C’était ultra flippant au début. J’ai d’abord fait un pilote, : c’était des potes, on était une douzaine. Pour le film, j’ai choisi mon chef d’animation, ma chef déco, mon chef design. C’était des gens de confiance, ça retire énormément de pression. Je savais que je n’étais pas seul. D’ailleurs, avec les personnes que je n’ai pas choisies, ça s’est moins bien passé.

Parlons de la mise en scène. Des influences de certains films de Miyazaki sont évidentes. On pense bien sûr à Mon voisin Totoro.
Mon truc, ça reste le Studio Ghibli et même le cinéma japonais en général. Je n’ai pas eu le droit de regarder des anime japonais avant l’âge de 18 ans. Le Voyage de Chihiro a été le choc ! J’aime le côté sobre et expressif de Miyazaki. Quand Chihiro lave un vieux qui pue, elle se met à vibrer. Ce n’est pas réaliste, mais tu comprends tout de suite ce qu’elle ressent. J’adore ce genre de truc que tu retrouves dans ses films.
Toute la production adorait les films japonais. Lors des pauses, on cherchait parmi ces classiques ce qui exprime le plus ce qu’on voulait raconter. Tokyo Godfathers de Satoshi Kon est ma référence. Je voulais faire une course-poursuite comme celle du film. En France, on reste frileux en termes d’animation pour adulte, en pensant que ça ne marchera jamais. Or, il suffit de regarder le savoir-faire de ces gens. Utilisons-le !

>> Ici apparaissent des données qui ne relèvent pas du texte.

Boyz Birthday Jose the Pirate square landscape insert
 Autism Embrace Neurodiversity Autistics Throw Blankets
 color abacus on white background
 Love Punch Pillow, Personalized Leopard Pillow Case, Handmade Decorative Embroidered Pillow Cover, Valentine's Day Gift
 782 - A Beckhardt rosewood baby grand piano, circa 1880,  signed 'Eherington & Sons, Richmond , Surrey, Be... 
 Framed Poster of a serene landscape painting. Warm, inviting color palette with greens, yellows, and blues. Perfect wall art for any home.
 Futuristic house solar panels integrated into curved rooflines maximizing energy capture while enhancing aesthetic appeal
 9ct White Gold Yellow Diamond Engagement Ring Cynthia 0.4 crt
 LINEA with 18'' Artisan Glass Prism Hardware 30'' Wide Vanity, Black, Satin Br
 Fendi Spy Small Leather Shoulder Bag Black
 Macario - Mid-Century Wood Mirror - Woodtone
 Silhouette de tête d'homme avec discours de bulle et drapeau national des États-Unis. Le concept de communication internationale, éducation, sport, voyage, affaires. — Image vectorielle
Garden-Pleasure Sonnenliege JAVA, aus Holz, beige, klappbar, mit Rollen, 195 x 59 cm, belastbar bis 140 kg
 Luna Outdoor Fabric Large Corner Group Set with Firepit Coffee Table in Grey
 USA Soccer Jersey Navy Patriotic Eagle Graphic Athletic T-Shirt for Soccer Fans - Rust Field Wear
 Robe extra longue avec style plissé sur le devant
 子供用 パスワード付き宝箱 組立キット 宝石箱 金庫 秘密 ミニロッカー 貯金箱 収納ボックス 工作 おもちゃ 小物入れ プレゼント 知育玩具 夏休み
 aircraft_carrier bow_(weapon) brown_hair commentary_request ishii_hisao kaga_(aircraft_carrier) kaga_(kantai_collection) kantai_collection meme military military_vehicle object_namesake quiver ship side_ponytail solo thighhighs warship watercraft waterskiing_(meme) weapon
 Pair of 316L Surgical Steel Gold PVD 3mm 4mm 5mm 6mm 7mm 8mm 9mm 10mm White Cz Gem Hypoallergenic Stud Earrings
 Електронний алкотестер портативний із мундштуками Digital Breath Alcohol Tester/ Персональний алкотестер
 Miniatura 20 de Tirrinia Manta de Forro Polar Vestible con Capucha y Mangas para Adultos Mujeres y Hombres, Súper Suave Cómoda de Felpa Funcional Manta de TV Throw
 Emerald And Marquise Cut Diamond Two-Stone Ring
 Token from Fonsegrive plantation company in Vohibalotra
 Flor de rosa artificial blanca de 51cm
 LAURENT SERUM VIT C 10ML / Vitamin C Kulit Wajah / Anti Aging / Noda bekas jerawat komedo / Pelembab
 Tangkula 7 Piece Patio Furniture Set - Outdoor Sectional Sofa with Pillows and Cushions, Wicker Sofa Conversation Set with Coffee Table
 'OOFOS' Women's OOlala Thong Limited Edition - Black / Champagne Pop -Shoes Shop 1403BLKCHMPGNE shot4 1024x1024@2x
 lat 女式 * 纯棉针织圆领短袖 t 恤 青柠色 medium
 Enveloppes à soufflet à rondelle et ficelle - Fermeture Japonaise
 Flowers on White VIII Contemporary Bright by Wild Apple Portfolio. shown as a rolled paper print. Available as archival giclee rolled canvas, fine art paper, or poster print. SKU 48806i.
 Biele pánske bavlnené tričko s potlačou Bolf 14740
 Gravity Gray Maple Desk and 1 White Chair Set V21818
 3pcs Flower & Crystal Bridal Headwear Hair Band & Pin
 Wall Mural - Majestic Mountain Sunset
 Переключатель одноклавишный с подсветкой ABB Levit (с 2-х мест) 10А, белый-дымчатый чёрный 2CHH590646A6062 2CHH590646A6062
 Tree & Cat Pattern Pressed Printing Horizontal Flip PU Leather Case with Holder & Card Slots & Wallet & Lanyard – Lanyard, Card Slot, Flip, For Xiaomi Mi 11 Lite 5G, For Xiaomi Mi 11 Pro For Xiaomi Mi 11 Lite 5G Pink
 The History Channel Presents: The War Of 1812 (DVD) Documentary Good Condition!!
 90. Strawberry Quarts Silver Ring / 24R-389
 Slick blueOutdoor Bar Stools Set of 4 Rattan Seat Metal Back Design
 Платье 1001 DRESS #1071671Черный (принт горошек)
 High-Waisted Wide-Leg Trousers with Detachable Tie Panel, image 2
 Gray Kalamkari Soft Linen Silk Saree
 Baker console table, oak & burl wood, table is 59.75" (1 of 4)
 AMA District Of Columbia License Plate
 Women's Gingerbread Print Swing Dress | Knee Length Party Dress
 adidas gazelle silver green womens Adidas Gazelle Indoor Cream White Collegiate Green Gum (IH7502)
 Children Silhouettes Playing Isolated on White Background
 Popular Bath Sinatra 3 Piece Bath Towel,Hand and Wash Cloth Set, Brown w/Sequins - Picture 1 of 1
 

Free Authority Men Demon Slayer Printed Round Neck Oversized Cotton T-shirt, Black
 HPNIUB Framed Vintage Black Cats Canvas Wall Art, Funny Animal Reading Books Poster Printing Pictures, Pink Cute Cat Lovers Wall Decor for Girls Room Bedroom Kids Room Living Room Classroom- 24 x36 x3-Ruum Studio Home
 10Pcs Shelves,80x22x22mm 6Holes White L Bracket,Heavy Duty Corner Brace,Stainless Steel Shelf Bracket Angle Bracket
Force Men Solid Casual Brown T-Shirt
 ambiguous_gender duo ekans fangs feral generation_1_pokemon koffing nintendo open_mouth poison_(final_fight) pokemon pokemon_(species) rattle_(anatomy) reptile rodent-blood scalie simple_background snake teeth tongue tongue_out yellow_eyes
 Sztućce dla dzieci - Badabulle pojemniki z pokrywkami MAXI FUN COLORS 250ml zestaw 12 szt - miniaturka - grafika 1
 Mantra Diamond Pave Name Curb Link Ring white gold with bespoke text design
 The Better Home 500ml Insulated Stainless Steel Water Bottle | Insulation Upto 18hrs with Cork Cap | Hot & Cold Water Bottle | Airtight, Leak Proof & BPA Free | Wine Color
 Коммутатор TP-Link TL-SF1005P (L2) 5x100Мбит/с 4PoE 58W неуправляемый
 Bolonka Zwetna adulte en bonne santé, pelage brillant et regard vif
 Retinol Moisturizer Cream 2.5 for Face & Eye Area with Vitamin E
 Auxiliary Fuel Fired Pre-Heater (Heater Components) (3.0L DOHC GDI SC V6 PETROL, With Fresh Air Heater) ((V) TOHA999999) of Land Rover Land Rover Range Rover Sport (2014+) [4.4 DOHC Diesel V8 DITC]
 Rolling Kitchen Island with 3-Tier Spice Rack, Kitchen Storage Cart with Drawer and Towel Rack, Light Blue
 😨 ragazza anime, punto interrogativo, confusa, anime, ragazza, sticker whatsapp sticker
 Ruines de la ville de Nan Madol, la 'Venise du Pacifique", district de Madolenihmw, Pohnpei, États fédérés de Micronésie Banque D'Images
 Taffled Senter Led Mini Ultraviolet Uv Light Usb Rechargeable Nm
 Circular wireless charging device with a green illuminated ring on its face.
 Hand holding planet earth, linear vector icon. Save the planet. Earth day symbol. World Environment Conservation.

D’autres œuvres t’ont-elles aidé ?
Les films de Charlie Chaplin et Buster Keaton. Ce sont des plans droits : tu poses la caméra et les acteurs jouent. Ernest et Célestine se doit d’être théâtral, comme quand on lit un livre illustré. Ça permet aussi aux techniciens de s’amuser dans l’acting.
Je dirais que je me suis inspiré également de Kiki la petite sorcière. Pour moi, la personnalité de Célestine ressemble à celle de Kiki quand elle arrive seule dans une ville et qu’elle découvre ce nouveau monde. Je dois enfin citer Mes voisins les Yamada pour son côté graphique. En fait, quand on m’a annoncé le projet, je pensais que j’allais faire un Yamada à la française. Mais Daniel Pennac a écrit un scénario plus épique. L’idée m’est restée et s’est un peu transformée.

Justement, comment s’est passée ta rencontre avec Daniel Pennac, scénariste d’Ernest et Célestine ?
C’est un mec plutôt cool. C’était un prof, il a gardé ce côté, une verve étonnante. J’arrivais impressionné dans son bureau. Je ne savais pas si j’allais être animateur sur le film et je me retrouve avec Daniel Pennac qui me lit le script. Il me parlait comme si j’étais réalisateur. J’étais intimidé. Encore aujourd’hui, il est tellement expressif et ouvert : il lisait son texte à voix haute. C’est comme ça que je l’ai découvert.
Quand on voulait modifier quelques lignes parce que ça n’allait pas, on allait le voir. Il nous a dit à un moment : « Bon écoutez, je ne comprends pas. Ce n’est pas mon domaine, je vous laisse faire. C’est votre film, je n’ai fait que le scénario. » On a eu de la chance car personne n’était prétentieux, on allait dans le bon sens.

Est-ce difficile de ne se concentrer que sur une œuvre pendant quatre ans ?
Je dois avouer que sur la fin, j’avais plus de mal. L’étalonnage était ce qu’il y avait de plus dur. Il fallait revoir le film à l’infini, j’en pouvais plus. Les six derniers mois, je n’avais plus le moteur du début. Heureusement que j’étais bien entouré. Le plus dur, c’est quand tu deviens un psychopathe de l’image. Je pouvais voir un pixel blanc sur une image ! Je cherchais la moindre erreur ! Et pourtant, il en reste pas mal…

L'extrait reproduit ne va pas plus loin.